Copy out the data from the line containing "MATTR Skin Fix" to its last line, exactly. No pictures.

## Data provided
# # #

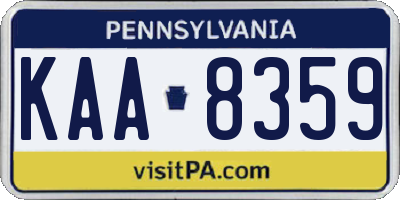PA license plate KAA8359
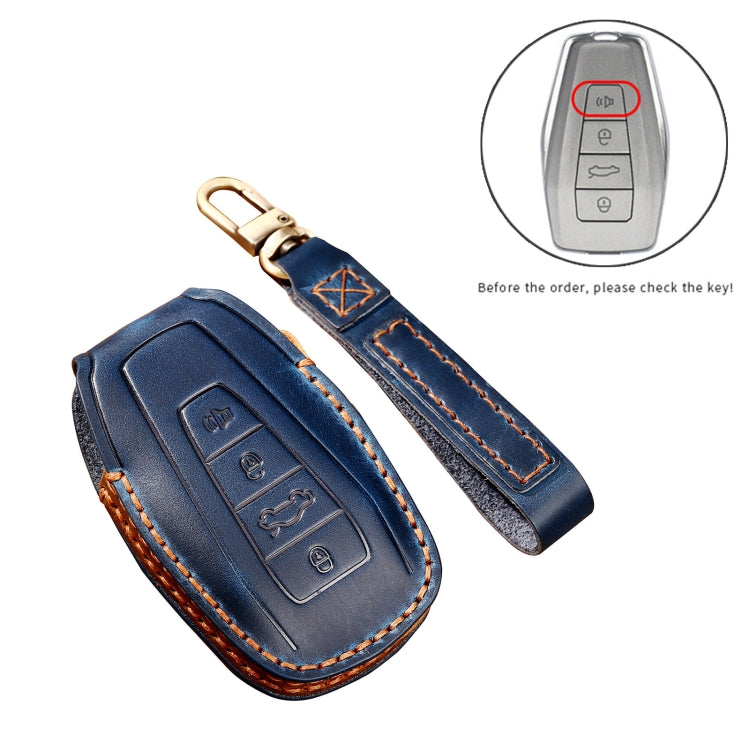 Hallmo Car Cowhide Leather Key Protective Cover Key Case for Geely Emgrand C Style(Blue) - Car Key Cases by Hallmo | Online Shopping South Africa | PMC Jewellery | Buy Now Pay Later Mobicred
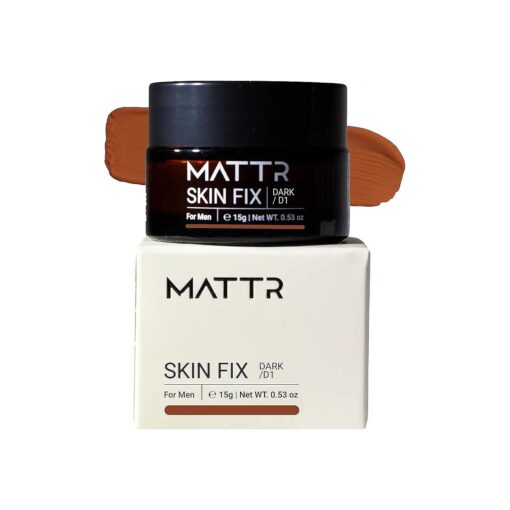 MATTR Skin Fix - Cosmetic Solutions for Men - Concealer & Skin Balancing Formula for Uneven Complexions - Cover Fine Lines, Under-Eye Bags, Blemishes - Vegan Makeup - Travel-Size Jar - 15g ( D1 )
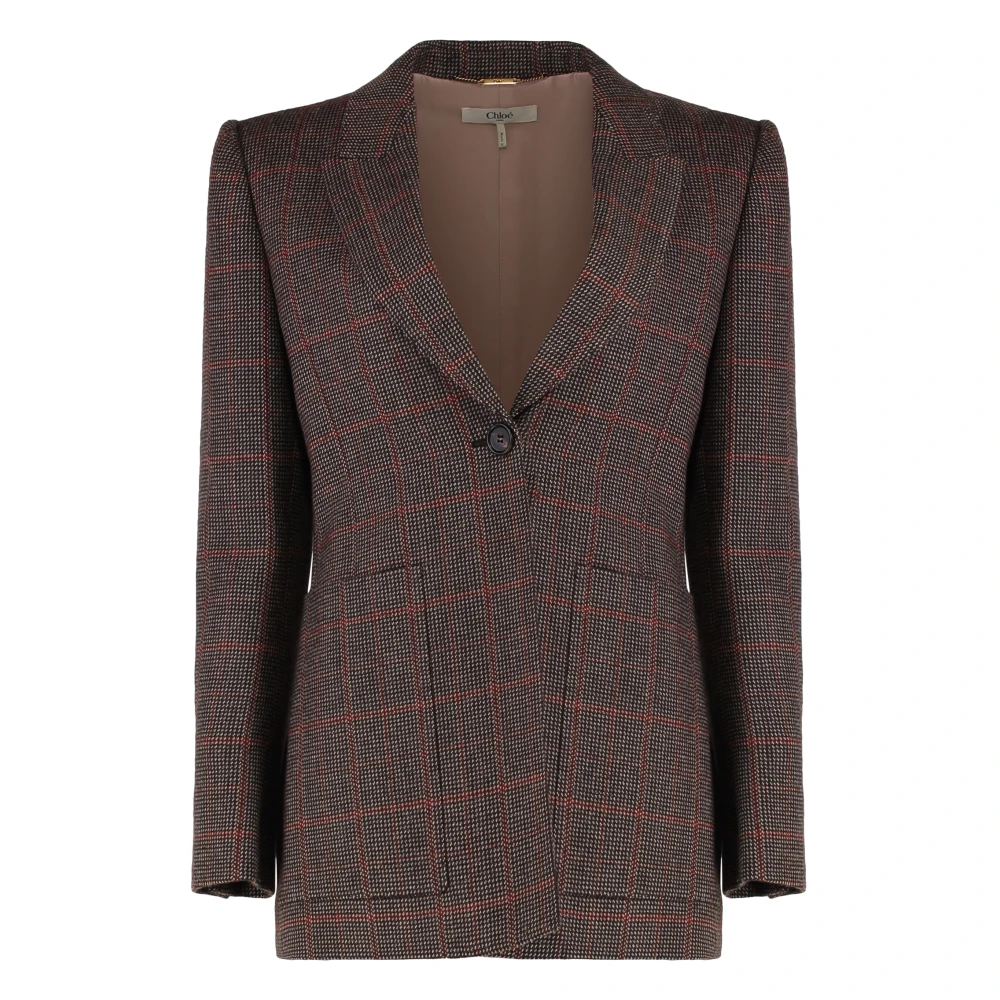 Chloé Women's Brown Blazers, 2XS, Wool Silk Lapel Collar Jacket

# # #

## Result below
 MATTR Skin Fix - Cosmetic Solutions for Men - Concealer & Skin Balancing Formula for Uneven Complexions - Cover Fine Lines, Under-Eye Bags, Blemishes - Vegan Makeup - Travel-Size Jar - 15g ( D1 )
 Chloé Women's Brown Blazers, 2XS, Wool Silk Lapel Collar Jacket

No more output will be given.